De lucht is stralend blauw en er waait een zwakke zuidwestelijke bries: het zal warm worden! De pet staat op het hoofd, de zonnebril op de neus en de zon pal voor me. Zo volg ik gedwee het paarse lijntje op de Oregon 450. De snelheid varieert tussen 9 km/u bij de steilste klimmen tot 60 km/u bij de afdalingen. Sneller zou ook kunnen, maar niet met de lading die ik mee heb. Meestal hou ik het op 50 tot 55, soms minder, afhankelijk van de staat van de weg en het overzicht. Een rekensommetje: 50 kg Orca, 6 kg Cyclone, 65 kg Jan en flink wat bagage. Ik reken hier grofweg 25 kg. Dat maakt alles samen ruw geschat 150 kg die vooruit moet komen met een vermogen van pakweg 300 watt. Het is duidelijk dat de snelheid lager zal liggen dan gewoonlijk.



De eerste verbinding gaat dus vanuit de Thiérache (een streek bekend omwille van de versterkte kerken) naar de omgeving van Nancy.
Waar onvoldoende reisvoorbereiding toe kan leiden: onderweg merk ik dat ik door de Argonne rij. Wie iets van (militaire) geschiedenis kent, weet dat ook in die streek duchtig slag geleverd werd in de Eerste Wereldoorlog.
Verdun ligt in die omgeving. Need I say more? Monumenten en soldatenkerkhoven in overvloed. Merkwaardig genoeg is '100 jaar oorlog' hier blijkbaar in alle stilte voorbijgegaan. Waar je aan de vroegere Frontlijn in West-Vlaanderen overal Britse oorlogstoeristen aantreft (ook hele busladingen middelbare scholieren), is er in de Argonne amper iets van te merken.
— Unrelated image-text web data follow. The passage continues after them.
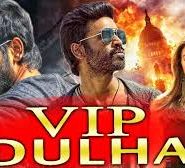 VIP Dulha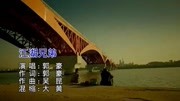 歌手郭豪《江湖兄弟》KTV版音乐背景音乐视频音乐爱奇艺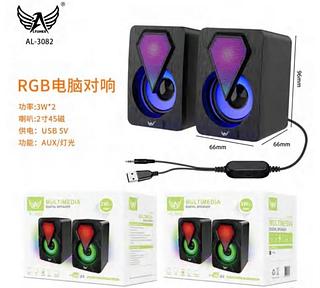Caixa de som para computador PC/aP2 AL3082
De Cycle Analyst zegt me dat het verbruik op 5,1 Wh/km ligt. Dat betekent dat ik geen 100 km zal halen met de Flevobike accu. Origineel levert die 500 Wh, maar na drie en een half jaar is het al wat minder: eerder 450 Wh. Dat is een behoorlijk succes: bij de meeste pedelecs heb je na die tijd al je tweede accu. De Crystalyte accu zou goed moeten zijn voor 400 Wh, dus pakweg 70 km extra. Het is een ruilexemplaar dat ik vorige week van Brecht (fietser.be) kreeg, omdat de mijne defect is. ‘helemaal geladen en amper gebruikt,’ zei hij. 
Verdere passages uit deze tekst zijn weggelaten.